**Problem statement**
Copy every record exactly, and keep the pictures out.

**The records**
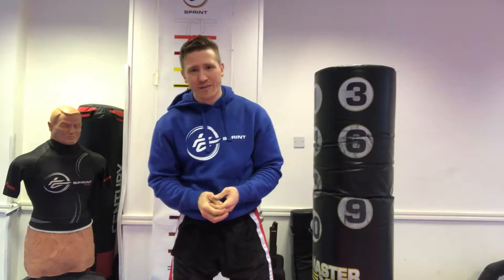Hi, I'm Alex from Sprint Martial Arts and I'm going to explain the process to you about how you can come down and try a free class with us. The free classes take place in our beginner programme and they're one hour long. It's a 20 minute walk and stretch followed by 40 minutes of basic techniques.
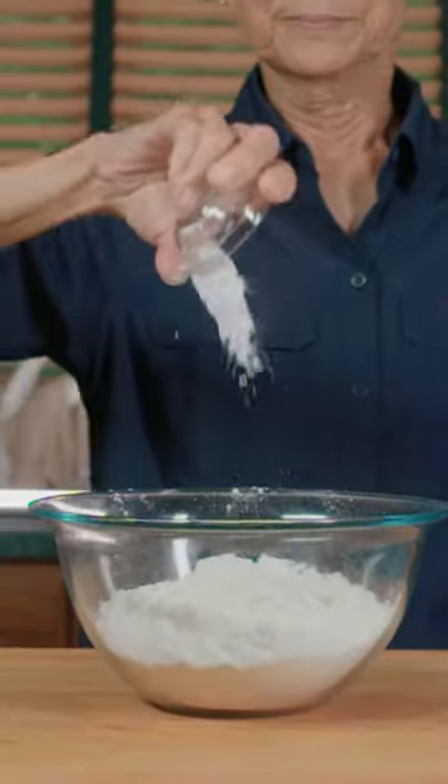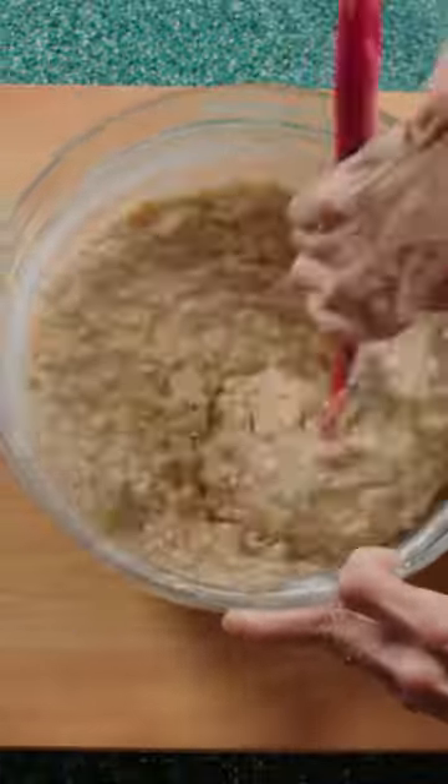Whisk together flour, baking soda, and salt. Pour into the mashed bananas and mix. Add the chocolate chips.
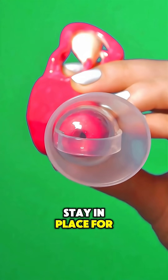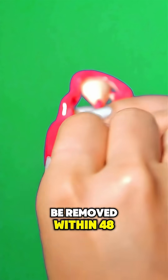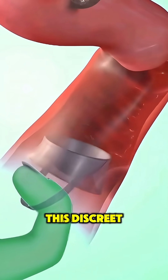The cap needs to stay in place for at least 6 hours after intimacy and should be removed within 48 hours. It's simple, reusable, and hormone-free. Ever considered using something this discreet and effective?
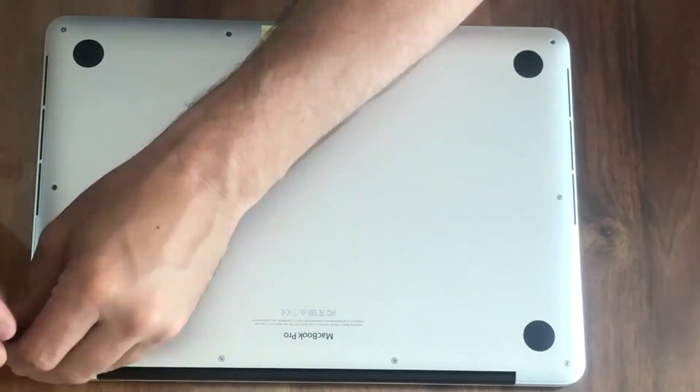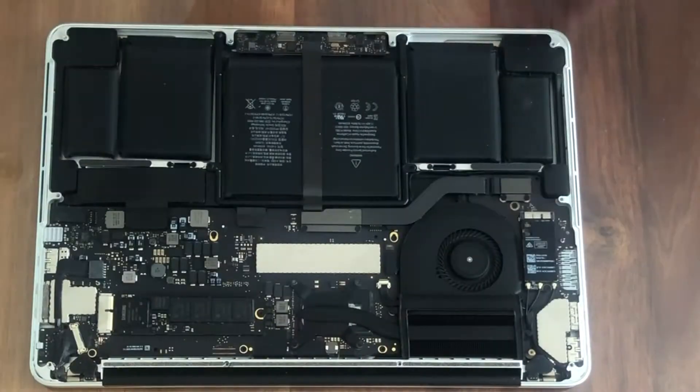So what I did was I opened it up and found that the end socket was actually slightly loose. The first time I was able to click it down, reseat the connector, and the MacBook Pro worked for about a week.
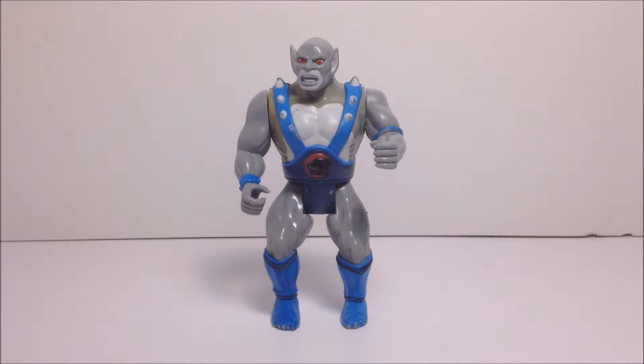Welcome Thundercat fans to another Third Earth Reviews toy review. Today I will be reviewing the Thundercat hero Panthro.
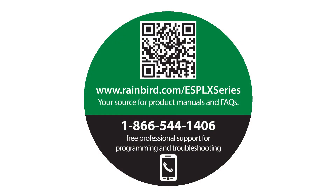Be sure to visit rainbird.com/ESP-LX series for product manuals and FAQs. You can also call us for free professional support for programming and troubleshooting.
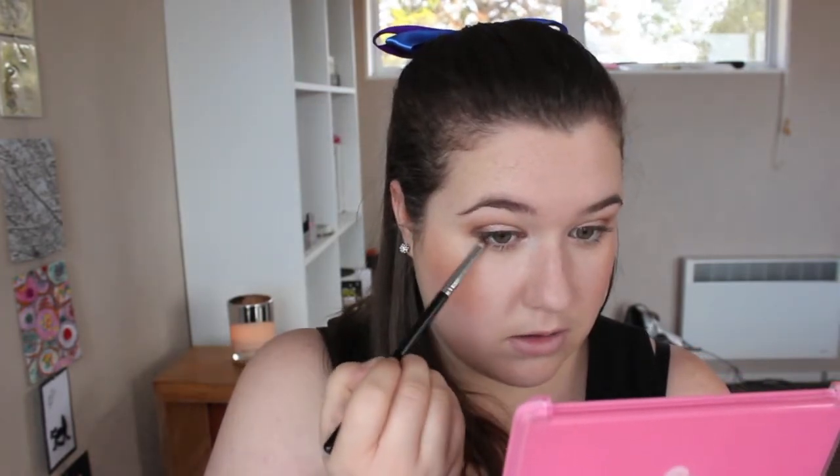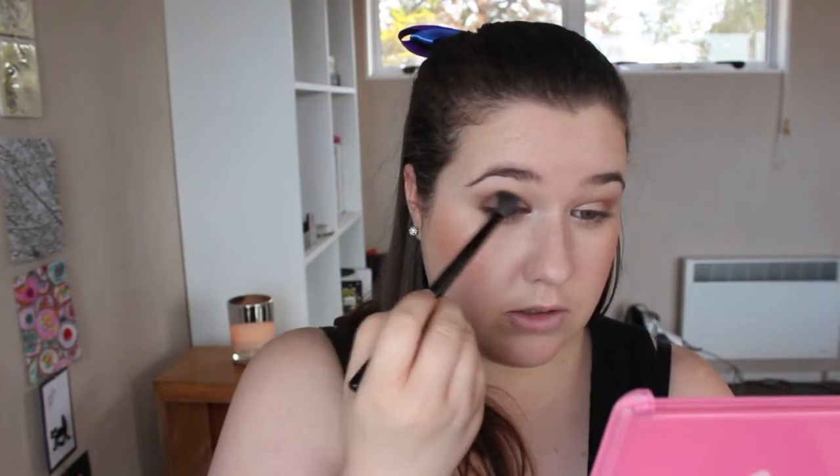On a pencil brush I'm going to take Toasted — it's got a similar pinky-mauve tone to Sin. Just really lightly run that on the outer third of the lower lash line, then super lightly push it into the crease. Go back with a blending brush and just on that top crease, blend out that Toasted color just a little bit on the bottom as well. That's all I'm going to do for the eyeshadow for the day look.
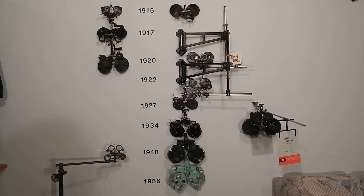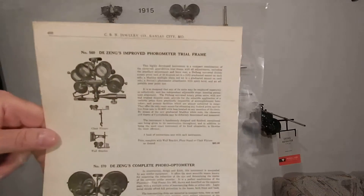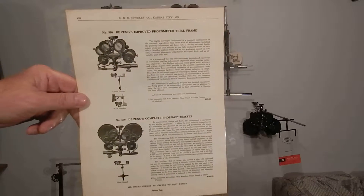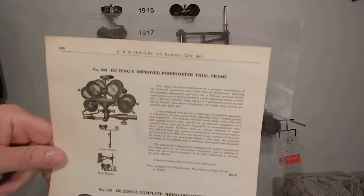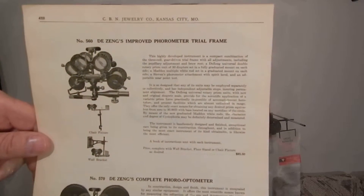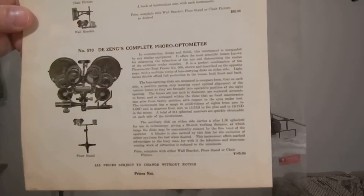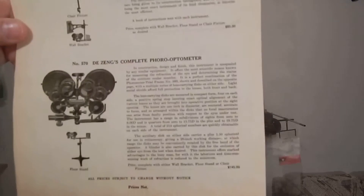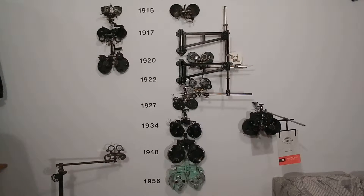The first thing he made that looks like a phoropter is the 570 on top. Here's the 560 advertisement from 1918 from that same jewelry store catalog. There's the 560 down on the floor and the 570, which is the same exact thing only it has an optometer on each side for getting spheres.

**Answer section**
Hi, I'm Alex from Sprint Martial Arts and I'm going to explain the process to you about how you can come down and try a free class with us. The free classes take place in our beginner programme and they're one hour long. It's a 20 minute walk and stretch followed by 40 minutes of basic techniques.
Whisk together flour, baking soda, and salt. Pour into the mashed bananas and mix. Add the chocolate chips.
The cap needs to stay in place for at least 6 hours after intimacy and should be removed within 48 hours. It's simple, reusable, and hormone-free. Ever considered using something this discreet and effective?
So what I did was I opened it up and found that the end socket was actually slightly loose. The first time I was able to click it down, reseat the connector, and the MacBook Pro worked for about a week.
Welcome Thundercat fans to another Third Earth Reviews toy review. Today I will be reviewing the Thundercat hero Panthro.
Be sure to visit rainbird.com/ESP-LX series for product manuals and FAQs. You can also call us for free professional support for programming and troubleshooting.
On a pencil brush I'm going to take Toasted — it's got a similar pinky-mauve tone to Sin. Just really lightly run that on the outer third of the lower lash line, then super lightly push it into the crease. Go back with a blending brush and just on that top crease, blend out that Toasted color just a little bit on the bottom as well. That's all I'm going to do for the eyeshadow for the day look.
The first thing he made that looks like a phoropter is the 570 on top. Here's the 560 advertisement from 1918 from that same jewelry store catalog. There's the 560 down on the floor and the 570, which is the same exact thing only it has an optometer on each side for getting spheres.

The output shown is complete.